September 19, 2012
Controversy follows Rob Ford to Chicago
By Don Peat, QMI Agency
CHICAGO - Mayor Rob Ford may have left Toronto but he couldn’t shake controversy Tuesday.
Ford toured Chicago’s Millennium Park to kickoff the start of his two-day Team Toronto Business Mission but ended up shouting down questions about taxpayer-funds being used to help the high school football team he coaches.
And during a friendly chat with Chicago residents, he ended up mistakenly saying Manitoba was across from Detroit — rather than Windsor.
The mayor has spent the last week refusing to talk to reporters about allegations he used taxpayer-funded staff and resources for the youth football teams he coaches.
During a photo opportunity beside Millennium Park’s Cloud Gate, Ford at first ignored a question from a reporter who asked why Chris Fickel, a mayor’s office employee, drove a City of Toronto vehicle to a football practice Tuesday for the Don Bosco Eagles — the team the mayor coaches.
Asked a second time, Ford finally responded:
“A car that I paid for right?” Ford said. “Do your homework. I paid for it last year.”
George Christopoulos, Ford’s press secretary, then jumped in to cut off the questions.
“Thanks guys, the photo op is over,” he said.
Ford ignored follow-up questions asking him to clarify if he is misusing city funds.
“Am I going to be sleeping with you ... tonight?” Ford asked a reporter while laughing.

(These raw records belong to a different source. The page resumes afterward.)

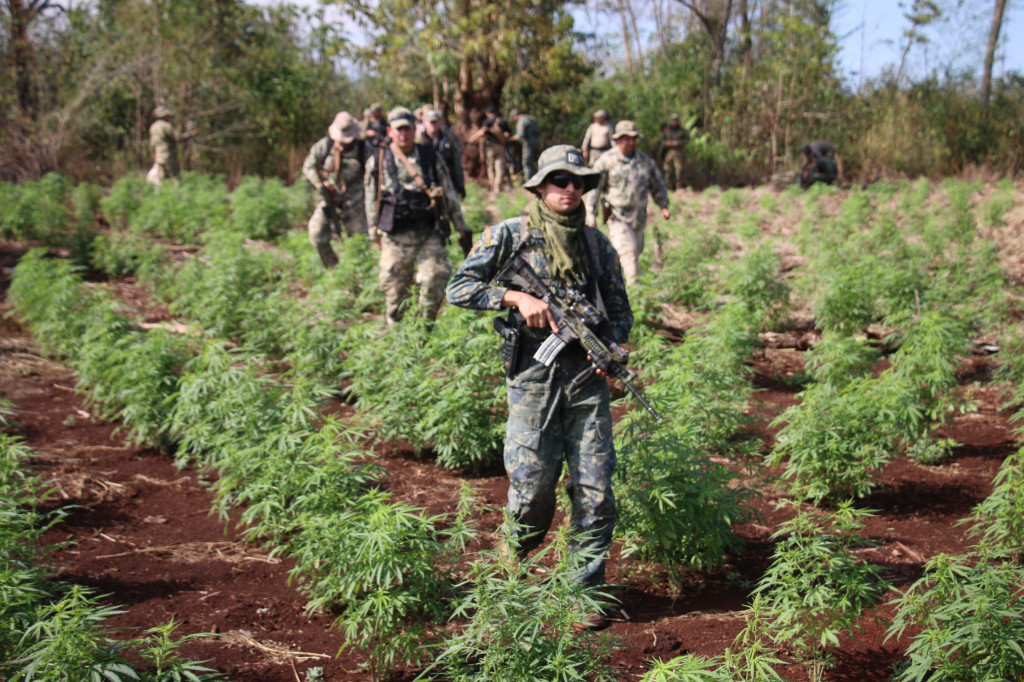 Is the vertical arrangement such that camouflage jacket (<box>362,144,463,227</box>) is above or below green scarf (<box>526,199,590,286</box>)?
above

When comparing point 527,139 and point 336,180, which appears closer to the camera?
point 336,180

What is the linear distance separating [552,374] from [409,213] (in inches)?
149

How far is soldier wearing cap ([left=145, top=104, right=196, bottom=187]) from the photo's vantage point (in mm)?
15234

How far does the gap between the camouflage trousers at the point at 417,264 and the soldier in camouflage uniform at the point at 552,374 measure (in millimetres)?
3297

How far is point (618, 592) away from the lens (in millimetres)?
4188

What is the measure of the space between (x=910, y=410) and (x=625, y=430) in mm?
2053

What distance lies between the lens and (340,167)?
9.24 metres

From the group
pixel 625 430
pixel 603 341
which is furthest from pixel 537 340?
pixel 625 430

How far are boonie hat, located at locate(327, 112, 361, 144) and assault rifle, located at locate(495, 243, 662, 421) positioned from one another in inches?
232

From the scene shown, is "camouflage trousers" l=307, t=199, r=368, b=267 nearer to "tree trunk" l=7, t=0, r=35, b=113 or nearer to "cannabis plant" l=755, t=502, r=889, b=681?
"cannabis plant" l=755, t=502, r=889, b=681

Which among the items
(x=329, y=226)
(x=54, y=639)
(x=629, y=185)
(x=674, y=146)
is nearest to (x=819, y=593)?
(x=54, y=639)

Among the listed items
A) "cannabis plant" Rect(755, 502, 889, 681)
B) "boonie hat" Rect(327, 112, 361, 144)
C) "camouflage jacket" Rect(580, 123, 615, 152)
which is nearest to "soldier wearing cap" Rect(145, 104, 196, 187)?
"boonie hat" Rect(327, 112, 361, 144)

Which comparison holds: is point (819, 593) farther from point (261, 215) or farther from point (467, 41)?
point (467, 41)

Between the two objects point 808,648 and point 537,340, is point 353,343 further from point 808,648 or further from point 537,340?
point 808,648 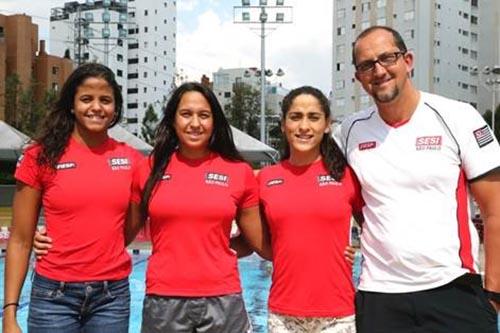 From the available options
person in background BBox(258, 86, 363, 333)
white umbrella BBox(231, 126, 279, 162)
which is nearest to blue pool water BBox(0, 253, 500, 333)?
person in background BBox(258, 86, 363, 333)

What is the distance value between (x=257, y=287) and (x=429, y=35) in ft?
164

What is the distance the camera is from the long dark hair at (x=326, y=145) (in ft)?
11.1

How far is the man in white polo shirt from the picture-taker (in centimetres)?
294

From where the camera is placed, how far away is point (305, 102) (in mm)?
3463

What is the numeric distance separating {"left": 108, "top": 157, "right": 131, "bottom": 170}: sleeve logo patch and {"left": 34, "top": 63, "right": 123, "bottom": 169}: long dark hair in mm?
210

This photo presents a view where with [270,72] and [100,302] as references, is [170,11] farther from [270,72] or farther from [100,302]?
[100,302]

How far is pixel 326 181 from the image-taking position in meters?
3.37

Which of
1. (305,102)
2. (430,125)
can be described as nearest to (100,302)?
(305,102)

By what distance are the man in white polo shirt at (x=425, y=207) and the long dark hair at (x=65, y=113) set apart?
1304 millimetres

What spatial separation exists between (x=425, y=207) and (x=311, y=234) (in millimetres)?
605

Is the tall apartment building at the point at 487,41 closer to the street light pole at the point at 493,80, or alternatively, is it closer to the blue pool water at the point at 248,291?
the street light pole at the point at 493,80

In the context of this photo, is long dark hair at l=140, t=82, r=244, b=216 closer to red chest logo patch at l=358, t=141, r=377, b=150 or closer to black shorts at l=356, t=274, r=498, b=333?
red chest logo patch at l=358, t=141, r=377, b=150

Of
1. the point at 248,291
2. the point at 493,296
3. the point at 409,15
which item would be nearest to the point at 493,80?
the point at 409,15

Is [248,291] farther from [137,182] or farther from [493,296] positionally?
[493,296] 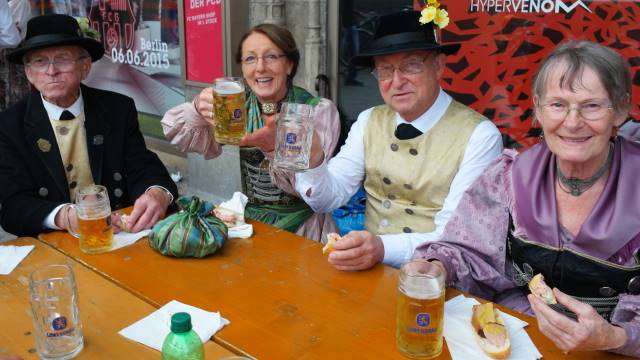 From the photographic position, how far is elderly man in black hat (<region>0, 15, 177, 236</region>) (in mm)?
2582

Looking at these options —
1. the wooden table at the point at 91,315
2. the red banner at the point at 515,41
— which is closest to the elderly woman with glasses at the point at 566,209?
the wooden table at the point at 91,315

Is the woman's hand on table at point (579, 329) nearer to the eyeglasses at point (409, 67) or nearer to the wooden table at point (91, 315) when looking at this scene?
the wooden table at point (91, 315)

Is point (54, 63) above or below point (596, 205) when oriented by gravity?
above

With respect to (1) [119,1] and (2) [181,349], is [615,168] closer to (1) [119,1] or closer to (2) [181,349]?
(2) [181,349]

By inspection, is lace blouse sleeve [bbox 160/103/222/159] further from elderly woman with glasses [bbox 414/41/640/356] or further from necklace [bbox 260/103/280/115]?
elderly woman with glasses [bbox 414/41/640/356]

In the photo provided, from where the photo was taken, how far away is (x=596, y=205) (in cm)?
191

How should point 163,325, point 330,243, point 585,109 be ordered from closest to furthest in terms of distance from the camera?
point 163,325 < point 585,109 < point 330,243

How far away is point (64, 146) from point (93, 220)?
952 mm

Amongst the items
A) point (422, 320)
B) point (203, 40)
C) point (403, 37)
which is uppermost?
point (203, 40)

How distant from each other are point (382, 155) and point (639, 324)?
4.68 ft

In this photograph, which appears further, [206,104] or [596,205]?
[206,104]

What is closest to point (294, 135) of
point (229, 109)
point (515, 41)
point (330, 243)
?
point (229, 109)

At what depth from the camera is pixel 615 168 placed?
193cm

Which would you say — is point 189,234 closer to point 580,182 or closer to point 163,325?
point 163,325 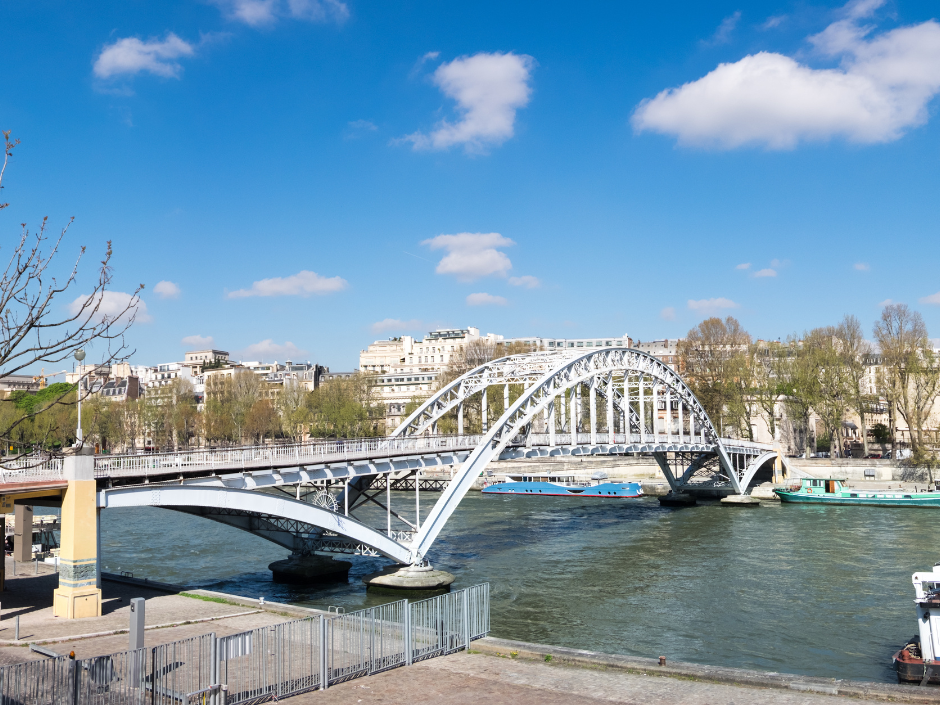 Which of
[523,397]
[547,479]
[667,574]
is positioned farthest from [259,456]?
[547,479]

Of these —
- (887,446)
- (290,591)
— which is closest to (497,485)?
(887,446)

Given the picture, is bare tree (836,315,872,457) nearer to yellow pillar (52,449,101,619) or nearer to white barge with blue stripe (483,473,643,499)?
white barge with blue stripe (483,473,643,499)

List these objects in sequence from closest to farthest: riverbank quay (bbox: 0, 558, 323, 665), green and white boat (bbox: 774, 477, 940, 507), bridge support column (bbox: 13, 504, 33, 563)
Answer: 1. riverbank quay (bbox: 0, 558, 323, 665)
2. bridge support column (bbox: 13, 504, 33, 563)
3. green and white boat (bbox: 774, 477, 940, 507)

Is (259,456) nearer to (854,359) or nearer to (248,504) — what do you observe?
(248,504)

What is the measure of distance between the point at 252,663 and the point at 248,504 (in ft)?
33.3

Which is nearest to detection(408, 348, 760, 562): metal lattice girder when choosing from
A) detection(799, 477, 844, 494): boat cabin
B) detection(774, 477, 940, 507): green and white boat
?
detection(774, 477, 940, 507): green and white boat

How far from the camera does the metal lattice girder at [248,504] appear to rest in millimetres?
20766

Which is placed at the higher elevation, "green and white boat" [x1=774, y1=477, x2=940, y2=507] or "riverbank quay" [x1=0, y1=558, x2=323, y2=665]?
"riverbank quay" [x1=0, y1=558, x2=323, y2=665]

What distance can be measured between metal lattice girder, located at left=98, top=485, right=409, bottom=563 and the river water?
2163 millimetres

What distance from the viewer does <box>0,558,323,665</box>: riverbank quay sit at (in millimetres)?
16797

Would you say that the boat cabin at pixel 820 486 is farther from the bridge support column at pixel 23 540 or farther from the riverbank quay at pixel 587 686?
the bridge support column at pixel 23 540

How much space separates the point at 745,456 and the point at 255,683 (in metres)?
61.2

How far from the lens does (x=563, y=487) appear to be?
232 ft

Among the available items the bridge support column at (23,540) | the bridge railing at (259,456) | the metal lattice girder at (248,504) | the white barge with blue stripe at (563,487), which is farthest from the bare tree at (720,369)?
the bridge support column at (23,540)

On his Sunday radio show, Ford said he expects to roll over in bed and find a reporter spying on him.
The reporter replied, “I hope not.”
“I hope not too. Go home,” Ford said. “Holy smokes.”

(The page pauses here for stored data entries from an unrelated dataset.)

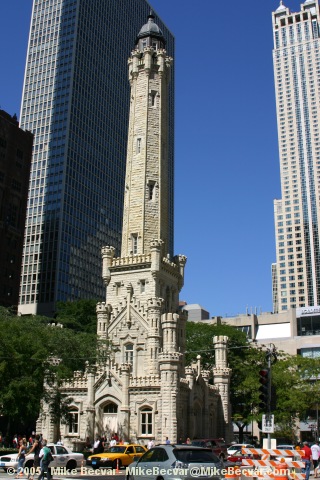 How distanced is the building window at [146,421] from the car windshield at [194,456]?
29778 mm

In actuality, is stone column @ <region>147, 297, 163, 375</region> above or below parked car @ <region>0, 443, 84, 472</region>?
above

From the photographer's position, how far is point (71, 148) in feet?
447

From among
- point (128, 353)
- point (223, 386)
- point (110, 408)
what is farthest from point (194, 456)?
point (223, 386)

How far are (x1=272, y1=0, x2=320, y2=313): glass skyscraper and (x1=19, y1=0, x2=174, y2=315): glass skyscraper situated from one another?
2094 inches

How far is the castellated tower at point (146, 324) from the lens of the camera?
157ft

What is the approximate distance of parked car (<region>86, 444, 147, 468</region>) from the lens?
3167 centimetres

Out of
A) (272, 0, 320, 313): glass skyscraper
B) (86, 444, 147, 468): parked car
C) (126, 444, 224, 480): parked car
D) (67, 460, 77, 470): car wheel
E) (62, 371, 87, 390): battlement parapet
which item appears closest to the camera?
(126, 444, 224, 480): parked car

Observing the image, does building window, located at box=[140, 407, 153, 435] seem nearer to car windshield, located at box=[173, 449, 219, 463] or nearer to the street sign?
the street sign

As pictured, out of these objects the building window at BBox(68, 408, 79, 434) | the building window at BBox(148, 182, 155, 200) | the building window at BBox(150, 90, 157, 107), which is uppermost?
the building window at BBox(150, 90, 157, 107)

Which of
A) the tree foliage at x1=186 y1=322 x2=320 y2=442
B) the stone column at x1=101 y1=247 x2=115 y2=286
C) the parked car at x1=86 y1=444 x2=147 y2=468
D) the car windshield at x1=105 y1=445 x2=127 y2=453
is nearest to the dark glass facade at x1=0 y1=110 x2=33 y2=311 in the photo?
the tree foliage at x1=186 y1=322 x2=320 y2=442

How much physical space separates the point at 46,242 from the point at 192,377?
84.4 meters

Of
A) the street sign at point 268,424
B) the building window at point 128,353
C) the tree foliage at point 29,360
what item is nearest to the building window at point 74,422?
the tree foliage at point 29,360

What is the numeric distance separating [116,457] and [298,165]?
156 metres

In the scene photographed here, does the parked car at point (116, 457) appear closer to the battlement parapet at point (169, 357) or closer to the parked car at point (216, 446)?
the parked car at point (216, 446) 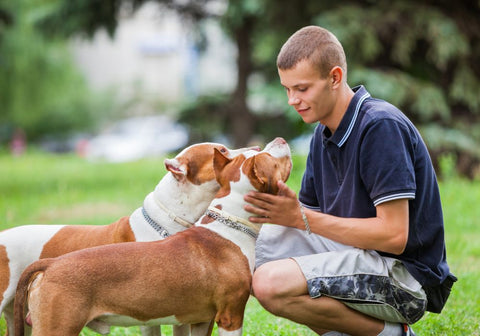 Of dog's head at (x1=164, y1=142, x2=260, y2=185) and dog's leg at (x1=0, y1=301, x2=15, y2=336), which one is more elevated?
dog's head at (x1=164, y1=142, x2=260, y2=185)

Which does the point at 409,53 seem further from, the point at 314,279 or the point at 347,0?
the point at 314,279

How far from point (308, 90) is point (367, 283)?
3.74 ft

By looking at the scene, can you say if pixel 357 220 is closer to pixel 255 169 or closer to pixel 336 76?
pixel 255 169

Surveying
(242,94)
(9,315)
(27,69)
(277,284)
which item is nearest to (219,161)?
(277,284)

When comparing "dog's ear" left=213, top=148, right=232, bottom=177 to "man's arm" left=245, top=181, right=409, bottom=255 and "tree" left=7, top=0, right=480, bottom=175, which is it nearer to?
"man's arm" left=245, top=181, right=409, bottom=255

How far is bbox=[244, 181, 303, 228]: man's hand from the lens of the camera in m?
3.39

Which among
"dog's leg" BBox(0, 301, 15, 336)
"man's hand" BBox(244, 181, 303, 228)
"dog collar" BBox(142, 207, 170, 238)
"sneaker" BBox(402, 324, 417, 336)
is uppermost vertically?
"man's hand" BBox(244, 181, 303, 228)

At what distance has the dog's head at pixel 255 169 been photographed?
3439 mm

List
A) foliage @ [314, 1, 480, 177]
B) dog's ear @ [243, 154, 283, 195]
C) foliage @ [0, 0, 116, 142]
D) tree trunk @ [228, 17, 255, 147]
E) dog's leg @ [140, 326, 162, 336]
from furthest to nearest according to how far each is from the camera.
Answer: foliage @ [0, 0, 116, 142], tree trunk @ [228, 17, 255, 147], foliage @ [314, 1, 480, 177], dog's leg @ [140, 326, 162, 336], dog's ear @ [243, 154, 283, 195]

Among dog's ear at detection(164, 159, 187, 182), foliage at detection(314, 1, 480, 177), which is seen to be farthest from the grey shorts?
foliage at detection(314, 1, 480, 177)

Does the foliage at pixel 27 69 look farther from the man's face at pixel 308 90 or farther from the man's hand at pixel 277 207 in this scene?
the man's hand at pixel 277 207

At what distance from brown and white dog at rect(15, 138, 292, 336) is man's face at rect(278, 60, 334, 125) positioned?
10.8 inches

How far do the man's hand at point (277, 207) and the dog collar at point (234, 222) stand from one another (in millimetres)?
44

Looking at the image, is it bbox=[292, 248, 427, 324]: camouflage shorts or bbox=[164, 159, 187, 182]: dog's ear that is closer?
bbox=[292, 248, 427, 324]: camouflage shorts
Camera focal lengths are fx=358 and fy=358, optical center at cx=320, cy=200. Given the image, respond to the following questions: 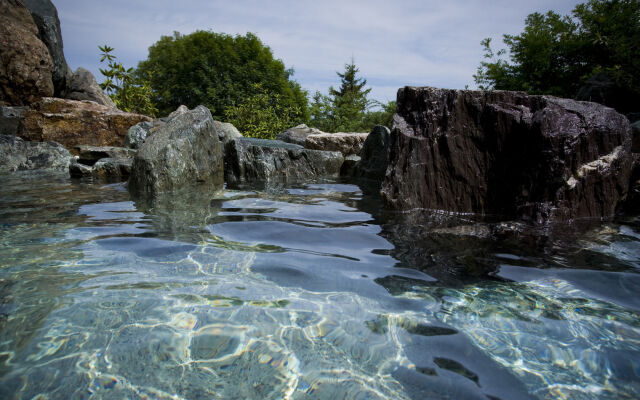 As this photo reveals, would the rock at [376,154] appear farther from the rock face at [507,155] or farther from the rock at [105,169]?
the rock at [105,169]

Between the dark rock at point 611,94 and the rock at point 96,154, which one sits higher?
the dark rock at point 611,94

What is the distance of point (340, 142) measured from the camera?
1062 centimetres

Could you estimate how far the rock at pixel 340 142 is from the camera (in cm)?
1056

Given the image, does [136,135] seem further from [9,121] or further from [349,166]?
[349,166]

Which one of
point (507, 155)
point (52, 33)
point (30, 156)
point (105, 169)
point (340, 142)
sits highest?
point (52, 33)

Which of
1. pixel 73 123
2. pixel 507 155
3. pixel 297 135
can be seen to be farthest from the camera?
pixel 297 135

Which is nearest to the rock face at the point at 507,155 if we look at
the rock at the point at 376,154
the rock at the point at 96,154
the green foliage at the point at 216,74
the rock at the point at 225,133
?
the rock at the point at 376,154

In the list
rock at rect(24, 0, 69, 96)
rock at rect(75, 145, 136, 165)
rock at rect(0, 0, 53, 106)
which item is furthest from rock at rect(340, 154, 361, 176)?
rock at rect(24, 0, 69, 96)

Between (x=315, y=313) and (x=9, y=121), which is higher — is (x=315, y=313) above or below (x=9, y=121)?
below

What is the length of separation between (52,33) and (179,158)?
491 inches

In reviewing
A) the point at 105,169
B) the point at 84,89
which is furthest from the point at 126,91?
the point at 105,169

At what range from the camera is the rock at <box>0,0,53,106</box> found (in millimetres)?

“How does this create jobs?”
Ford eventually walked away from reporters surrounded by his staff.
Christopoulos later clarified the mayor’s office budget was charged $2,706.14 for use of a city vehicle in 2011.
“The mayor has never believed taxpayers should pay for all political office expenses,” he said. “In 2011, he wrote a cheque for $4,000 to cover the cost of business cards, stationery, newspapers and car expenses.”
According to city records, Ford paid $1,078.92 towards the cost of the car in 2011. This year he has yet to reimburse the city for any costs for the taxpayer-funded vehicle.
Tuesday’s photo opportunity started out well enough with Ford marveling at the stainless steel, bean-shaped Cloud Gate sculpture and suggesting Toronto should have something similar, perhaps shaped like a football.
“This is really cool,” he told reporters.
Acting like he was in full election mode, Ford greeted tourists and Chicago residents in the park and handed out his business card.
When he asked one girl where in Canada she had visited, she said “the part where you go past Detroit and the river.”
“Oh, Manitoba,” Ford said. “Oh, you were in Manitoba and Winnipeg?”
Someone corrected him by pointing out Windsor is the Canadian city beside Detroit.
Another man sang the praises of Toronto to the mayor.
“We love your town. My wife and I have been there 30, 40 times,” he told Ford.
“It’s like Chicago, it’s a great walking town.”